The demise and second coming of Curious Liquids

by Dorie Clark

END OF AN ERA: "Everyone in Boston is in such a hurry. But when you came in here, everyone was happy."

The rusted yellow scaffolding and orange mesh went up around Curious Liquids three weeks ago. Jackhammers punctuated afternoon coffee breaks. The café's heroic 7 a.m.-to-2 a.m. schedule was scaled back for staff parties -- the denouement for a coffee shop twice deemed the city's best by the Boston Phoenix, and which will close for good tomorrow.

It's not for lack of popularity. Located on Beacon Hill at the foot of the State House, Curious Liquids is usually packed. "The success we've had probably comes from our innocence and naïveté going into this," muses owner Patrick Lockley, who decided to open "Curious" (as staffer shorthand has it) three years ago after a stint in the computer industry. "We didn't know how to make a slick coffee house, so what we came up with probably had more appeal to customers than a corporate environment."
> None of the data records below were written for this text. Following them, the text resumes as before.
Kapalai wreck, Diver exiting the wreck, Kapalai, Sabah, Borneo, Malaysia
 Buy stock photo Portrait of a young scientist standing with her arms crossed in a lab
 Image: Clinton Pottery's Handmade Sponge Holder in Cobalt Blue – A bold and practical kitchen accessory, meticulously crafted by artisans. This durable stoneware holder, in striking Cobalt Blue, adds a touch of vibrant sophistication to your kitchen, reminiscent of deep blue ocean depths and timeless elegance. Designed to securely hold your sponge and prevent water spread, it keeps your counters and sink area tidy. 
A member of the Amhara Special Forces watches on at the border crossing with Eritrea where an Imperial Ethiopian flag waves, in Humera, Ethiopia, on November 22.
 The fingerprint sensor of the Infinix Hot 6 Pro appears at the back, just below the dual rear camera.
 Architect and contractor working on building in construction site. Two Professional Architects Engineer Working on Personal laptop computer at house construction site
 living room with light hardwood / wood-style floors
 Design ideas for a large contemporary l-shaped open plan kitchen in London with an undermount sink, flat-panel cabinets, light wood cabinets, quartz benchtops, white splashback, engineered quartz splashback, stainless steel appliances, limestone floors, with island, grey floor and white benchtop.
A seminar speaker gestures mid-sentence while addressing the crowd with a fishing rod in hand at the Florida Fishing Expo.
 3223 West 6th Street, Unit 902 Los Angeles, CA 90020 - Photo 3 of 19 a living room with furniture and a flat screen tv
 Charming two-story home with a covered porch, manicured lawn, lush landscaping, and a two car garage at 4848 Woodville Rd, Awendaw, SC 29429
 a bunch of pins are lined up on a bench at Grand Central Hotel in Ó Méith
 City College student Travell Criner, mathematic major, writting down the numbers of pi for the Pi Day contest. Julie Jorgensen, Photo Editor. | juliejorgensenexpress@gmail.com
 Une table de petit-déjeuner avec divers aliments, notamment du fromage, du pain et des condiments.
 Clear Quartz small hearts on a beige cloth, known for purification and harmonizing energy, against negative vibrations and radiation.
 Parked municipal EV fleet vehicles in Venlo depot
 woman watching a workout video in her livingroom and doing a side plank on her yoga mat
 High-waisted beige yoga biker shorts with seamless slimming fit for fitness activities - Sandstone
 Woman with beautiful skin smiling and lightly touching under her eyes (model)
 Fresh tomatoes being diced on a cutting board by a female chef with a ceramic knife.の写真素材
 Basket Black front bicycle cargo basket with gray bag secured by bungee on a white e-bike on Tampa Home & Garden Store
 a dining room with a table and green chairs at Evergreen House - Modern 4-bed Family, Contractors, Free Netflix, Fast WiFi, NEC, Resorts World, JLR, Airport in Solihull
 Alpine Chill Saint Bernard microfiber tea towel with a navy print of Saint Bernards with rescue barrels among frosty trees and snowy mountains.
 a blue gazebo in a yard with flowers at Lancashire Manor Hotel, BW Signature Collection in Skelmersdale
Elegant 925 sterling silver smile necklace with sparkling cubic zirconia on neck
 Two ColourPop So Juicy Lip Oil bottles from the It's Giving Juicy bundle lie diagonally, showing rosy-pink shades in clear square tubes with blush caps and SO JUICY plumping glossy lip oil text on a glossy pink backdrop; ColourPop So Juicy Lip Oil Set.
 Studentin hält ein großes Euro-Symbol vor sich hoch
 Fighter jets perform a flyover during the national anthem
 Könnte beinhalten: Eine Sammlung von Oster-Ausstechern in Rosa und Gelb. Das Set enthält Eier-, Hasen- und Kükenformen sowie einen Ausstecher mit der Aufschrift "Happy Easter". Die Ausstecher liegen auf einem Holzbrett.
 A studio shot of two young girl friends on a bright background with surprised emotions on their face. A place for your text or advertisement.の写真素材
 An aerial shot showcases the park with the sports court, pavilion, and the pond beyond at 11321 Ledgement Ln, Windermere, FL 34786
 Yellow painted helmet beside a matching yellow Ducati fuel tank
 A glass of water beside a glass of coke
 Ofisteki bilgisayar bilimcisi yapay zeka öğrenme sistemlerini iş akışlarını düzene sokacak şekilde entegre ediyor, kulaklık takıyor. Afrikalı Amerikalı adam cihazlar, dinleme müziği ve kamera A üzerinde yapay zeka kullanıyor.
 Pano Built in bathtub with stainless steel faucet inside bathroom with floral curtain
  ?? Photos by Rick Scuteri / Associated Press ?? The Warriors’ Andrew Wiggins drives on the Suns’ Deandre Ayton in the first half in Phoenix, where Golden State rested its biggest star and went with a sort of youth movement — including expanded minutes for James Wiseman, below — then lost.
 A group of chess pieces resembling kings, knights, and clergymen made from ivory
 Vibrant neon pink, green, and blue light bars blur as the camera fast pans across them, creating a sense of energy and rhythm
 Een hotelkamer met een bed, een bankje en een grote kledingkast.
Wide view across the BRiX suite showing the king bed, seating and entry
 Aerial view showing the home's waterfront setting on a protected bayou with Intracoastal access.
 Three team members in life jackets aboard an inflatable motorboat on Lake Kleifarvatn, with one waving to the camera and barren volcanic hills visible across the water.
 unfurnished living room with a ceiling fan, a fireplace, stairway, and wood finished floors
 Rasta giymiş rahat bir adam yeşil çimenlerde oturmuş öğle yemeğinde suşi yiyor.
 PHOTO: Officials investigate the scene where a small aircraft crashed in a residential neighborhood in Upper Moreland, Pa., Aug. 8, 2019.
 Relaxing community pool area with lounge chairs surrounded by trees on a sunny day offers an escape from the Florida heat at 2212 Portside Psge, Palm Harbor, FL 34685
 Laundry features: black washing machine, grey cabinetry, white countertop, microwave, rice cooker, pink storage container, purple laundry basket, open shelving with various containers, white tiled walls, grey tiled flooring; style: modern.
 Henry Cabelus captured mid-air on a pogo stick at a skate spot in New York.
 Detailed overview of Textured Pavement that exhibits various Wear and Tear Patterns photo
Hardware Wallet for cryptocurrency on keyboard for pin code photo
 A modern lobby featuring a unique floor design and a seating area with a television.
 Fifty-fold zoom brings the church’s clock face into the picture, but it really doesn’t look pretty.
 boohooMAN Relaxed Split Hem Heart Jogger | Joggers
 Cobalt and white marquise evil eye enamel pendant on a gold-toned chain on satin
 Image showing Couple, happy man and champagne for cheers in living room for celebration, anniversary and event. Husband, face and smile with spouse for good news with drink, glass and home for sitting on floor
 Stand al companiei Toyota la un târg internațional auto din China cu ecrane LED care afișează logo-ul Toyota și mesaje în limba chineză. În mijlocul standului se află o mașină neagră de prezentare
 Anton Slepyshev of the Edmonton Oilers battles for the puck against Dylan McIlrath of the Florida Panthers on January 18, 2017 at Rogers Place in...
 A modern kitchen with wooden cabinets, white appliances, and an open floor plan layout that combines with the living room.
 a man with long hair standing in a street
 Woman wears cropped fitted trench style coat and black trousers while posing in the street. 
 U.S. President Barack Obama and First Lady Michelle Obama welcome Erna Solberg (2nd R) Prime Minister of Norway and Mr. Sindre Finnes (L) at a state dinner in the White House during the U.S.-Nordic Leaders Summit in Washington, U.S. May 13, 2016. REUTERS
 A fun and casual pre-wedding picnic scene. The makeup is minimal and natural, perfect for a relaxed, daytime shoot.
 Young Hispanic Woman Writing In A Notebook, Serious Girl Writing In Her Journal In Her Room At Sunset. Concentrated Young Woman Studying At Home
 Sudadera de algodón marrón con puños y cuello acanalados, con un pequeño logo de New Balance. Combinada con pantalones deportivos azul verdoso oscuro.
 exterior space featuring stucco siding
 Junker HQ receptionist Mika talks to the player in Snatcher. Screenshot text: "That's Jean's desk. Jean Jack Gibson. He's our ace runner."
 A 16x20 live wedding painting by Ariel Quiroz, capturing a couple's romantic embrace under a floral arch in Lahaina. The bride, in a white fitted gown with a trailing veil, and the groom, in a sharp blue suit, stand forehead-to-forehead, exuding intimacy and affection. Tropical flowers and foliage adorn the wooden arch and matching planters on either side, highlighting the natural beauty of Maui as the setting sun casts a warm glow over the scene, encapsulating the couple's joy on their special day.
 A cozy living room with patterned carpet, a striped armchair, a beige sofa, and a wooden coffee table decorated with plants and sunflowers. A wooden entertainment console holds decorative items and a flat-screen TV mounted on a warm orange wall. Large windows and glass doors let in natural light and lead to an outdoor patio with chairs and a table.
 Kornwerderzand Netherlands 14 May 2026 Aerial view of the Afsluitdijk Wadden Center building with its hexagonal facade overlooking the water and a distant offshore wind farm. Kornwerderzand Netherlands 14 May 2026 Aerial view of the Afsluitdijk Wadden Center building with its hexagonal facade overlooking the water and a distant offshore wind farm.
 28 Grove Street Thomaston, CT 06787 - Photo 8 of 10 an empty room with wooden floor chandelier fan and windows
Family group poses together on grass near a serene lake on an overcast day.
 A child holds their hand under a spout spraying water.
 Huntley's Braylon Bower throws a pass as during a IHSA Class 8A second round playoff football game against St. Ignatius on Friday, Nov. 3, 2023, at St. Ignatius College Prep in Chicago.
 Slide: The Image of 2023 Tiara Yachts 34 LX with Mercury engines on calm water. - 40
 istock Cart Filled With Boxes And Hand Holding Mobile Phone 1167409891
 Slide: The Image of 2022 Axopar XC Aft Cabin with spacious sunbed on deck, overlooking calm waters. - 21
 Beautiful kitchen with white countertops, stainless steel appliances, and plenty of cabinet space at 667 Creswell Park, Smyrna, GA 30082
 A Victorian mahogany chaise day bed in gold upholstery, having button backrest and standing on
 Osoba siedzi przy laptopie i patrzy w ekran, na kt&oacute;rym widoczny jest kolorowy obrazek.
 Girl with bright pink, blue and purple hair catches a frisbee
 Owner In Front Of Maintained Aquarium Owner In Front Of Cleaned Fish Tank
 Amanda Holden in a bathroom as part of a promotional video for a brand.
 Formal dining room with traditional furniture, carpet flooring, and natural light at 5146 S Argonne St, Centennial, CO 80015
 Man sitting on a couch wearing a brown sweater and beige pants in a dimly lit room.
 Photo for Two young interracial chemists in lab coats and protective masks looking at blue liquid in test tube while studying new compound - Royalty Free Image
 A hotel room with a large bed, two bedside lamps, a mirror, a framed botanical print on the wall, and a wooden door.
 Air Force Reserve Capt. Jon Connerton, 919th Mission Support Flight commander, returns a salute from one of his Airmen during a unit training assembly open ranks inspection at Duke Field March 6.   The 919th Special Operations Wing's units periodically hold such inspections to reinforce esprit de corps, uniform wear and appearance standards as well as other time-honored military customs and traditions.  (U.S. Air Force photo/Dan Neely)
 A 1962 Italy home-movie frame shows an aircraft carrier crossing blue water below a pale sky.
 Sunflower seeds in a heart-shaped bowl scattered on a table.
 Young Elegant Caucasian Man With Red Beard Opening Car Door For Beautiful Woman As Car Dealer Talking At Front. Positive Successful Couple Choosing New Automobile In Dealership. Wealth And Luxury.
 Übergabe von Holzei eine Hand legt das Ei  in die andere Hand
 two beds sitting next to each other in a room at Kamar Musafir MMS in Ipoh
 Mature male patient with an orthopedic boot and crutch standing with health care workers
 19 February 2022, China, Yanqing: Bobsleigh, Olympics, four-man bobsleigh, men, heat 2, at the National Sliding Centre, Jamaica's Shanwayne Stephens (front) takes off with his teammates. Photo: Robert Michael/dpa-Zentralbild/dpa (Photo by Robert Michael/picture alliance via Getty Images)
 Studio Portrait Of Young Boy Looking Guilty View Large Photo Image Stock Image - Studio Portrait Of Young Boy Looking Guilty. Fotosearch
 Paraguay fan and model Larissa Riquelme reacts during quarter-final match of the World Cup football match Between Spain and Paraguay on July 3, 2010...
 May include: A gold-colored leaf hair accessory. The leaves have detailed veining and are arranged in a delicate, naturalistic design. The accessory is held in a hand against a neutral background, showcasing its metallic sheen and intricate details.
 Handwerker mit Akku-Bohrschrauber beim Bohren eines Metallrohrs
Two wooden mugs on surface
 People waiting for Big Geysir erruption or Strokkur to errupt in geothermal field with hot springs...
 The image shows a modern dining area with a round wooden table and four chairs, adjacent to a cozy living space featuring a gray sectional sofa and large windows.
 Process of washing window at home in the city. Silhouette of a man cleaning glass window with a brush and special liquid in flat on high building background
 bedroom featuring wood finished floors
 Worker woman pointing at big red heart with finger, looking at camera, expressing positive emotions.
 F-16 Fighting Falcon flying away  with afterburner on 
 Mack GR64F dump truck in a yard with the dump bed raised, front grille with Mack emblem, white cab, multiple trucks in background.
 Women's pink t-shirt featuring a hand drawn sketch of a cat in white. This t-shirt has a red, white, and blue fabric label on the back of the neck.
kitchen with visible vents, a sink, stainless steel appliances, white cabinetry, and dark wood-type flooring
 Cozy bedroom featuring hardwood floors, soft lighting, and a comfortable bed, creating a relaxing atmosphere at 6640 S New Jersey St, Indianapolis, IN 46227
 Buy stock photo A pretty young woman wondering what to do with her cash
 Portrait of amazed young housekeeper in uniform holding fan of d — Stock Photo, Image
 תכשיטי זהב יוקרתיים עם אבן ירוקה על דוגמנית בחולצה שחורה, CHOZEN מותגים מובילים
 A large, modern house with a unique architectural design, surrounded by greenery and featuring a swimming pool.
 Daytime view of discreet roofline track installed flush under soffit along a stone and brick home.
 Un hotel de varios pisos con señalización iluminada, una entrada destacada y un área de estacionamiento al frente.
Indeed, Curious derived much of its cult appeal from its spooky-yet-comfortable Victorian clutter, which suggested a Clue board come to life. The building once served as General Lafayette's headquarters, and such details as the brick study nooks date from the early 19th century. The stuffing's coming out of the sofas and armchairs. There is a haphazard library and a few old, dark apothecary bottles in the "Red Room" downstairs, and its sister chamber -- painted completely in metallic silver -- has tabletops covered with laminated Edward Gorey cartoons.

But Curious is also notable for its casual atmosphere. Lockley has been known to give his starving-artist employees advances on their paychecks. Staffers socialize extensively outside of work. They bring in their own music to pipe to the customers. "[Music] is a constant battle," says general manager and aspiring actor James Angelo with a laugh. "That's what you get when you mix a hippie, a college student, and a fag on the same shift."

Curious has never been perfect, but perfection isn't the point. One day last fall I ordered a sandwich for lunch, and in the throng of orders, mine got lost. When I inquired after its fate 45 minutes later, the pudgy, goateed clerk was so apologetic, so mortified the staff had forgotten my order, that we became "friends" in that city-retail sort of way, where you never know the person's name but ever after enjoy charming repartee. Another time, I ordered lunch and a drink and realized upon pulling out my wallet that I was a dollar short. "Can you cancel the drink?" I asked. The man at the register simply plucked a bill from the tip jar and told me not to worry about it.

Curious's way of doing business won it an eclectic fan base. Its customers are "an odd mix of teenage anxiety, legislators, and bankers," as one regular describes it. State Representative Kathi Reinstein (D-Revere) frequently met with constituents and fellow legislators at Curious. The gay youth group BAGLY streamed in after club meetings on Wednesday nights, and parishioners from the evangelical Park Street Church came by for their Sunday caffeine fixes. Justina French, a newly minted Suffolk University alumna, raced up from the FleetCenter immediately after her graduation ceremony last Sunday in search of what might have been her last cup of Earl Grey from Curious. "Every morning I came here for my tea," she said. "I became really great friends with the people who worked here. [Now] it's like they're dead."

Last August, the building that houses the café was sold to the Brooke-Petit Group, owned by former US senator Edward Brooke and his daughter. They are renovating the upstairs to create housing units, and their plans for street level do not include Curious Liquids. Owner Lockley is moving to New York to explore other interests, but he intends for a piece of his creation to live on. He has sold the Curious Liquid name, menu, and furniture to the Bagel Plus Café, a nondescript -- but independently owned -- outfit a block away on Tremont Street. The proprietor, Abraham Abraham, plans to integrate a bit of Curious into the upstairs décor, and to consecrate the currently unused basement a Curious Liquids-in-exile. Curious's general manager will be staying on board through the summer to ease the transition. Perhaps the new arrangement can sustain the type of atmosphere Justina French noticed at Curious: "Everyone in Boston is in such a hurry. But when you came in here, everyone was happy." Or maybe -- given that the wooden wall paneling in the Bagel Plus basement is more evocative of Mike Brady than General Lafayette -- it can't. Either way, all is changed, changed utterly. A curious bagel is born.